What the task requires: Word for word, repeat all the entries below, but without the pictures.

[Crawled caption data]
——————

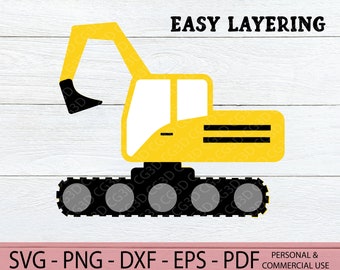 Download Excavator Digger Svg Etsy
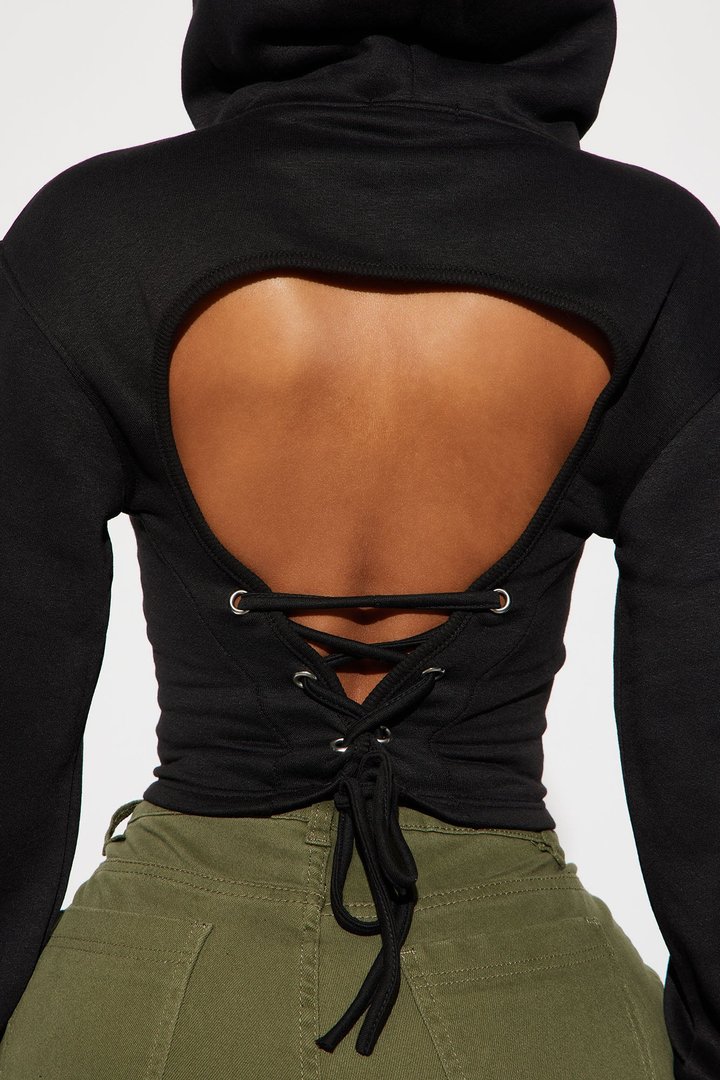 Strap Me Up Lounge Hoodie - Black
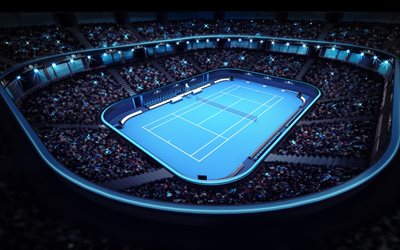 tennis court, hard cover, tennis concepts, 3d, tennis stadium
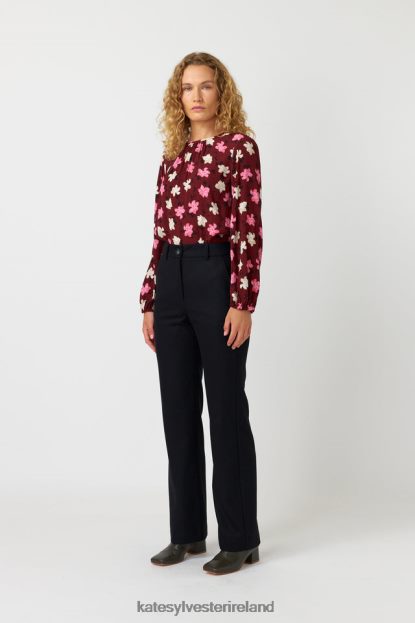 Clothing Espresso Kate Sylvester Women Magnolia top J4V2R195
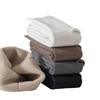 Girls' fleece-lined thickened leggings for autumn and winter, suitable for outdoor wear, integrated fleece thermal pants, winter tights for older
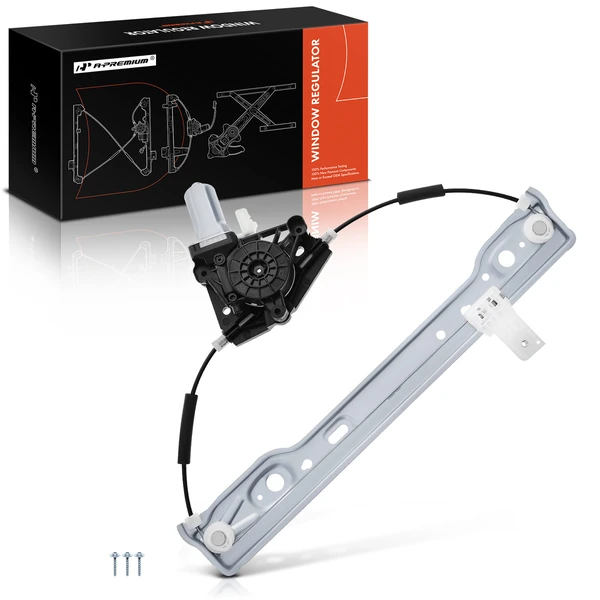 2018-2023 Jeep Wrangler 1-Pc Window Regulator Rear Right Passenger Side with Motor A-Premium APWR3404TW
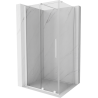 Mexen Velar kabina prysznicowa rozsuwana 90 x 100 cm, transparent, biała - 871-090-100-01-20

——————

Expected answer:
 Download Excavator Digger Svg Etsy
 Strap Me Up Lounge Hoodie - Black
 tennis court, hard cover, tennis concepts, 3d, tennis stadium
 Clothing Espresso Kate Sylvester Women Magnolia top J4V2R195
 Girls' fleece-lined thickened leggings for autumn and winter, suitable for outdoor wear, integrated fleece thermal pants, winter tights for older
 2018-2023 Jeep Wrangler 1-Pc Window Regulator Rear Right Passenger Side with Motor A-Premium APWR3404TW
 Mexen Velar kabina prysznicowa rozsuwana 90 x 100 cm, transparent, biała - 871-090-100-01-20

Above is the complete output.